Brief descriptive captions:
━━━━━━━━━━━━━━━━━━━━

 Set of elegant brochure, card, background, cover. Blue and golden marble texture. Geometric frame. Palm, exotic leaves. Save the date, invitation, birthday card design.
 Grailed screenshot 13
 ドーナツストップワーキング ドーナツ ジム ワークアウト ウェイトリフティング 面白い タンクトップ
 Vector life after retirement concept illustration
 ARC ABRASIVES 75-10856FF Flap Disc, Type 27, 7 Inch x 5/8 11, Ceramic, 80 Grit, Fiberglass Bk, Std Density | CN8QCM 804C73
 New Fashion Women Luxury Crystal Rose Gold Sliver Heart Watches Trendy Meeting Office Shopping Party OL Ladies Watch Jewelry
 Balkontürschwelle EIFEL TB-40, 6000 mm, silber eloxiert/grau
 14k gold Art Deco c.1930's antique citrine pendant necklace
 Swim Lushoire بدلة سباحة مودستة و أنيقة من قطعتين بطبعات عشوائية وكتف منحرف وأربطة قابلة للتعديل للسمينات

━━━━━━━━━━━━━━━━━━━━

Aim of the task:
Quote only the lines from the line containing "ドーナツストップワーキング ドーナツ ジム" through the end of the entries, keeping the first and the last.

Solution to the exercise:
 ドーナツストップワーキング ドーナツ ジム ワークアウト ウェイトリフティング 面白い タンクトップ
 Vector life after retirement concept illustration
 ARC ABRASIVES 75-10856FF Flap Disc, Type 27, 7 Inch x 5/8 11, Ceramic, 80 Grit, Fiberglass Bk, Std Density | CN8QCM 804C73
 New Fashion Women Luxury Crystal Rose Gold Sliver Heart Watches Trendy Meeting Office Shopping Party OL Ladies Watch Jewelry
 Balkontürschwelle EIFEL TB-40, 6000 mm, silber eloxiert/grau
 14k gold Art Deco c.1930's antique citrine pendant necklace
 Swim Lushoire بدلة سباحة مودستة و أنيقة من قطعتين بطبعات عشوائية وكتف منحرف وأربطة قابلة للتعديل للسمينات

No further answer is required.